The bad-planning part is that my shed is directly across the street from their cottages. Which means that hundreds of people are going to be coming down Maple Avenue next Friday and having to pass by a structure that isn’t really shabby chic, isn’t quaint, isn’t cute. It’s just . . . shiftless.
I knew when the season started that I was going to have to do something about the shed. Actually, as it is with so many problems, I’ve known that for about five years now.

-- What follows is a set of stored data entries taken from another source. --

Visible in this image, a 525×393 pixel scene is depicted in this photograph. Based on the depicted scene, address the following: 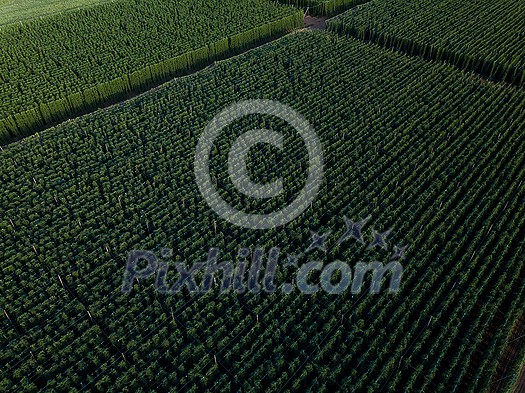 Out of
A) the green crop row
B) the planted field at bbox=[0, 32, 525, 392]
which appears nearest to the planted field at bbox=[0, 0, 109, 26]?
the planted field at bbox=[0, 32, 525, 392]

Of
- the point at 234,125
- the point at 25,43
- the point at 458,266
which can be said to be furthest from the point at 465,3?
the point at 25,43

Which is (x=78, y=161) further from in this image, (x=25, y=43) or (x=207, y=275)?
(x=25, y=43)

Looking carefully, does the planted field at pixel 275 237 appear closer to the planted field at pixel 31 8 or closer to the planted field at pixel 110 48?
the planted field at pixel 110 48

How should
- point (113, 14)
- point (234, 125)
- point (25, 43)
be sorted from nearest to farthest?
point (234, 125)
point (25, 43)
point (113, 14)

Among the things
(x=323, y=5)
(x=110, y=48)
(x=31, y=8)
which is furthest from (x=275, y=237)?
(x=31, y=8)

The previous owner called this collection of tar paper and boards a “carriage house,” which is just hilarious given that it was built in the 1940s and housed, for decades, a World War II-vintage Jeep. (The Jeep now lives down the street at another cottage. The shed now houses bicycles, a clawfoot bathtub, a really old propane tank, and probably six thousand brown recluses.) I saw a photo of our cottage in the Assembly archives last week that showed that the shed used to be white, as did our cottage. So I guess it hasn’t been painted in at least a couple of decades.
I guess you can tell that by looking at it.
shedbefore.jpg
At any rate, I’ve had in my head an inky color. Our babysitter Hannah painted the barn on her farm a superdeep eggplant color a while ago, so I have coveted that for a while. But it took my friend Annis’s exhortation and nudging to get me to buy the three gallons of Deep Mulberry that would take this shed to a new destiny.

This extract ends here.